Start of ENTRIES SUPPLIED

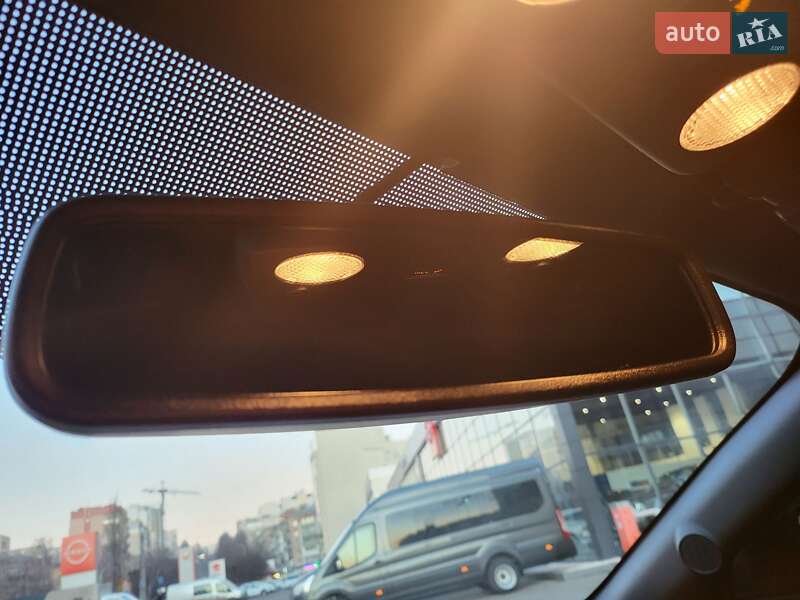 Купе Ford Mustang 2018 в Хмельницькому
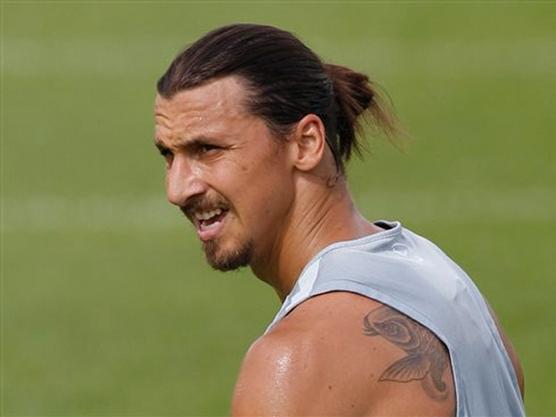 Ibrahimovic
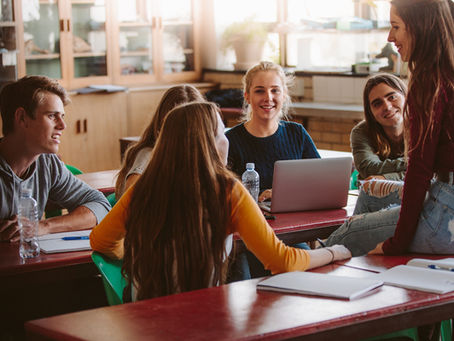 Academic, Artistic, & Creative Competitions for High School Students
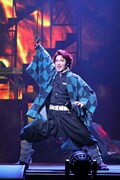 「舞台『鬼滅の刃』其ノ陸 柱稽古・無限城 突入」より。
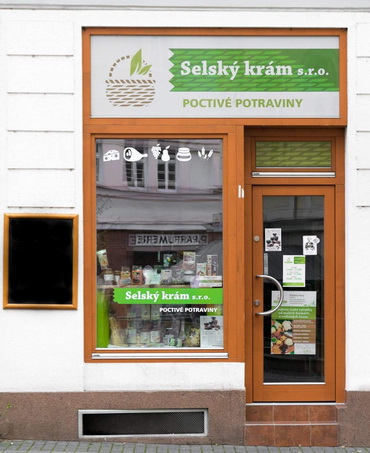 Logo - SELSKY-KRAM.CZ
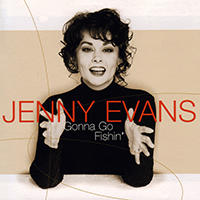 Jenny Evans - Gonna Go Fishin'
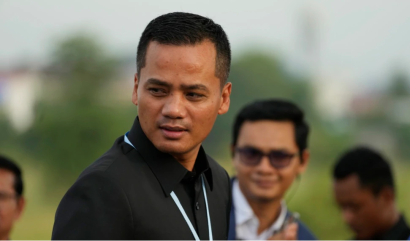 ក្រសួង​មហាផ្ទៃ​បញ្ជា​ឱ្យ​អាជ្ញាធរ​ខេត្ត​ជាប់​ព្រំដែន​ប្រទេស​ជិត​ខាង​បិទ​ច្រក​របៀង​ខុស​ច្បាប់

End of ENTRIES SUPPLIED

** EXERCISE INSTRUCTIONS **
Find the line with "Academic, Artistic, &". Return it and each line after it through the end of the data, exactly, without pictures.

** WRITTEN REPLY **
 Academic, Artistic, & Creative Competitions for High School Students
 「舞台『鬼滅の刃』其ノ陸 柱稽古・無限城 突入」より。
 Logo - SELSKY-KRAM.CZ
 Jenny Evans - Gonna Go Fishin'
 ក្រសួង​មហាផ្ទៃ​បញ្ជា​ឱ្យ​អាជ្ញាធរ​ខេត្ត​ជាប់​ព្រំដែន​ប្រទេស​ជិត​ខាង​បិទ​ច្រក​របៀង​ខុស​ច្បាប់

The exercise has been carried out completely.